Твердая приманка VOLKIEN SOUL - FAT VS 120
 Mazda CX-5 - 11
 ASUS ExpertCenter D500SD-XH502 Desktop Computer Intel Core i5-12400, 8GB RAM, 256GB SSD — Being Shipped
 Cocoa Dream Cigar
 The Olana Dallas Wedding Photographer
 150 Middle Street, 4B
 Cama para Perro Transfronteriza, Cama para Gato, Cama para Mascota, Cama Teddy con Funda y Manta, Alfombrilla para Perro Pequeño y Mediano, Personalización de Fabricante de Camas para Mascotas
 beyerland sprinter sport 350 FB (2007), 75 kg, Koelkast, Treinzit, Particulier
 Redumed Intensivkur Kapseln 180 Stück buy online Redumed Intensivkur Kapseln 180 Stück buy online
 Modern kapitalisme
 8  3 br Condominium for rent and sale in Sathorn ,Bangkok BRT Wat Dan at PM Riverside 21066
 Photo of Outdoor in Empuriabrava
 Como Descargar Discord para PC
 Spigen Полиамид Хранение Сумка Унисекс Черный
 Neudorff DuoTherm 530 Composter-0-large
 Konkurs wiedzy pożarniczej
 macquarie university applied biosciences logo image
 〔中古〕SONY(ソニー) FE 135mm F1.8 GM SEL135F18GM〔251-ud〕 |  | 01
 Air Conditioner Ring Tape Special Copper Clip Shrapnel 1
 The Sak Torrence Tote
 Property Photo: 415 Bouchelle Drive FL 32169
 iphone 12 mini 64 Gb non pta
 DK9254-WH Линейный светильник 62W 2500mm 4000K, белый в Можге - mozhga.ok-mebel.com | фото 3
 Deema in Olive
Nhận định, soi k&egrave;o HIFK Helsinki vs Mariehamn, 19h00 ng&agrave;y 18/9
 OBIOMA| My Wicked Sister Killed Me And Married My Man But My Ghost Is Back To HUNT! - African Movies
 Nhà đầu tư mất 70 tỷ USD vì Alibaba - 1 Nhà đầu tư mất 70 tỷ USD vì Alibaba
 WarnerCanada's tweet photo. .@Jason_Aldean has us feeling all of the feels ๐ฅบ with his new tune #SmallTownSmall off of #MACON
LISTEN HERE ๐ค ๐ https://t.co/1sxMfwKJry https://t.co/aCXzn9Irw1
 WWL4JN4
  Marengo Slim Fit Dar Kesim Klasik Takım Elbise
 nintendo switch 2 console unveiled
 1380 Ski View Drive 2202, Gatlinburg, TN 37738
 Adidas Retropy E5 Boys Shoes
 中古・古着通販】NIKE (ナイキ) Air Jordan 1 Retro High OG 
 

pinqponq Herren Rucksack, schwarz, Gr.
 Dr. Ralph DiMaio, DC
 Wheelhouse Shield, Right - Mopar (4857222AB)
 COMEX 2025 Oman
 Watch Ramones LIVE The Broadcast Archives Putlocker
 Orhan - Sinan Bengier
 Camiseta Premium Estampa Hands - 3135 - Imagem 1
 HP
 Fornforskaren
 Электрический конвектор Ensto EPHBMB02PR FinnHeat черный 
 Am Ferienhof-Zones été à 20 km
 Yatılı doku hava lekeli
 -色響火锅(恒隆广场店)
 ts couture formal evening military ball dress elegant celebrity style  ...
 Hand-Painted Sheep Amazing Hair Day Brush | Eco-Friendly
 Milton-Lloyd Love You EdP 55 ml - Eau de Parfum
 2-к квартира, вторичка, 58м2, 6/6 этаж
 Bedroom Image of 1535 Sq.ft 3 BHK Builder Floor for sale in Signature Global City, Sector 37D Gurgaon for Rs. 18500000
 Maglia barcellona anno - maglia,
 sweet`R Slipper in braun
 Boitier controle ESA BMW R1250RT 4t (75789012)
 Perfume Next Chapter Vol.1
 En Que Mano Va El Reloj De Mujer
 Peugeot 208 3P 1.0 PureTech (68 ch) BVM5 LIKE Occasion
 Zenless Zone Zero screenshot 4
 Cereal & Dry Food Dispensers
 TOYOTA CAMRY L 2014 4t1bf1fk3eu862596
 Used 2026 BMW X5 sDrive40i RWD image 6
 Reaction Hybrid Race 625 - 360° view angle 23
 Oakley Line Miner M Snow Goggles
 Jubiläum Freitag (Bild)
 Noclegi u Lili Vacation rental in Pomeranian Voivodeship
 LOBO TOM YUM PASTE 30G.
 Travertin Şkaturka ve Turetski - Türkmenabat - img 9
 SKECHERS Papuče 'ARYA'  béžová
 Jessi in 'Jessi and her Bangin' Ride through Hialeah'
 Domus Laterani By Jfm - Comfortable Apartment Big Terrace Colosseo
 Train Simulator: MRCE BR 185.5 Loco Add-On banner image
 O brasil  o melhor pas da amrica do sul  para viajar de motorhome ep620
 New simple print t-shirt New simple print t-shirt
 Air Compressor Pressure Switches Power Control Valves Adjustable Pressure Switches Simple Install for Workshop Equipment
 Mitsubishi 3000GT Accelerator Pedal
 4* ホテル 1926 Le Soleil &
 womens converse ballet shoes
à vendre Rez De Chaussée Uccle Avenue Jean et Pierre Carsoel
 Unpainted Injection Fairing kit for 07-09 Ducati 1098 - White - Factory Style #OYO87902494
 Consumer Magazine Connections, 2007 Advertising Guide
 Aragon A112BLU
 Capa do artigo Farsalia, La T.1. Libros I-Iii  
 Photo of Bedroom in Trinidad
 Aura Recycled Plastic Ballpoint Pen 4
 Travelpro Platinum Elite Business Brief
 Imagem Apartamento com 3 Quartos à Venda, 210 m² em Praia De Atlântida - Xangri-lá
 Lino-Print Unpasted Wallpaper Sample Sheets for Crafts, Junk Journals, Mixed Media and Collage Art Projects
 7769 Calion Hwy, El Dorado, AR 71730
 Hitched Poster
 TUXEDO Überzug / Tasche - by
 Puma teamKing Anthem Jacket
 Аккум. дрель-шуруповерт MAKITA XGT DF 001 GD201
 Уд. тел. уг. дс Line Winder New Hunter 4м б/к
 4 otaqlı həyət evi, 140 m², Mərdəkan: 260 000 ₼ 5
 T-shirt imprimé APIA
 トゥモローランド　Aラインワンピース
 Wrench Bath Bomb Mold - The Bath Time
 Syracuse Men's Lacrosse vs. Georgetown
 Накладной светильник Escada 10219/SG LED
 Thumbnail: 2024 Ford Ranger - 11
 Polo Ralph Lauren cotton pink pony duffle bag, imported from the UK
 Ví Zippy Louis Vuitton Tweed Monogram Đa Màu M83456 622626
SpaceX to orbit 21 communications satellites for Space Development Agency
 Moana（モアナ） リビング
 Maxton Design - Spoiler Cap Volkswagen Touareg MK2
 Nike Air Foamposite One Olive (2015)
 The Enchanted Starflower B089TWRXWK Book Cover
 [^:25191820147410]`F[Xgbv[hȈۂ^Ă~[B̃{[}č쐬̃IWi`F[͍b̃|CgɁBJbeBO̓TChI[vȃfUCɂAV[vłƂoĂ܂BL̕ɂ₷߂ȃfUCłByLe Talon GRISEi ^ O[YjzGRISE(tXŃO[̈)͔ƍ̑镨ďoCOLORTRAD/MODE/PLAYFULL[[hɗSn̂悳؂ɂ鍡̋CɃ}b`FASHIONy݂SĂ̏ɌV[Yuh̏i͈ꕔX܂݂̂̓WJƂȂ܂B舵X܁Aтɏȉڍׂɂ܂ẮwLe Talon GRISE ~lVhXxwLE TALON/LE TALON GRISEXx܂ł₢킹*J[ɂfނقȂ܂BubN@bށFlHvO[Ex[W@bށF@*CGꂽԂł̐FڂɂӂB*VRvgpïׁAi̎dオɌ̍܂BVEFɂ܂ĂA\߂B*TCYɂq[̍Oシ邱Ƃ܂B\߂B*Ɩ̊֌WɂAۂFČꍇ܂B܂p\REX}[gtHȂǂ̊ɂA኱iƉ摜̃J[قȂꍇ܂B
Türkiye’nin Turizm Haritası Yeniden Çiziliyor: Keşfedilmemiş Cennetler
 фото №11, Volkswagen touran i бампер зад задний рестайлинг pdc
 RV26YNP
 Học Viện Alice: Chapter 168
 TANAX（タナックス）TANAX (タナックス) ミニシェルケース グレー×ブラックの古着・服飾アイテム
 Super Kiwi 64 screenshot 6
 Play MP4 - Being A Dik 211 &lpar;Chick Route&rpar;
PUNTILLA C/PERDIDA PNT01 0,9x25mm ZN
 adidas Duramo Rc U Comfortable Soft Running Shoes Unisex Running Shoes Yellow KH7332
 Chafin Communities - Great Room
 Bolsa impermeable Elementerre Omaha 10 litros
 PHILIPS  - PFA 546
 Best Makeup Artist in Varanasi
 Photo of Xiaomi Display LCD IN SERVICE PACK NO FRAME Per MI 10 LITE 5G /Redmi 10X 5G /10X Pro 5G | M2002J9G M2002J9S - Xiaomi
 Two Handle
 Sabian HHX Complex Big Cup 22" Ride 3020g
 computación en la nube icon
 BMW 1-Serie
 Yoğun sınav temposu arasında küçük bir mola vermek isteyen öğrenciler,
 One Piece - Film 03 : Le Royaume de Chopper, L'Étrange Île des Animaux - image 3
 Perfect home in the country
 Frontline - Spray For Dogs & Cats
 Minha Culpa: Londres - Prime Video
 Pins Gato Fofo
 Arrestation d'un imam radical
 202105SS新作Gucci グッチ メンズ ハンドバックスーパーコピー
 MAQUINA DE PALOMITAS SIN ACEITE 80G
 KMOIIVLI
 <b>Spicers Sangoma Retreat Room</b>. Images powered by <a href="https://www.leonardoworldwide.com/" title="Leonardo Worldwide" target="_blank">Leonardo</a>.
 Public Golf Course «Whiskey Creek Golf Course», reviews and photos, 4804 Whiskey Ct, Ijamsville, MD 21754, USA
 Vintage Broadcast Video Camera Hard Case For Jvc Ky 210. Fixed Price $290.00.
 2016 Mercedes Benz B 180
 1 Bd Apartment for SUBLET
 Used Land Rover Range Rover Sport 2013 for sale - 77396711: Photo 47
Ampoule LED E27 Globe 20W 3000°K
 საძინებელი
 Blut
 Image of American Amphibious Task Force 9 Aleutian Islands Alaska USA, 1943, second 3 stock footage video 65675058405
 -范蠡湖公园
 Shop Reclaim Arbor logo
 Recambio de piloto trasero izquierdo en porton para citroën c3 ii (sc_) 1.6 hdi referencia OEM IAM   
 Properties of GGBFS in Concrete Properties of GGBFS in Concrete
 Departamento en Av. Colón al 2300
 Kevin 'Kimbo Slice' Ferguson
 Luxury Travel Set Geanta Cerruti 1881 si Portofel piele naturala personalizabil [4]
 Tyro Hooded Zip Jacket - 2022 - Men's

**TO DO:** Exactly how many lines in the data above hold "Olive"? State that number only.

**WRITTEN REPLY:** 2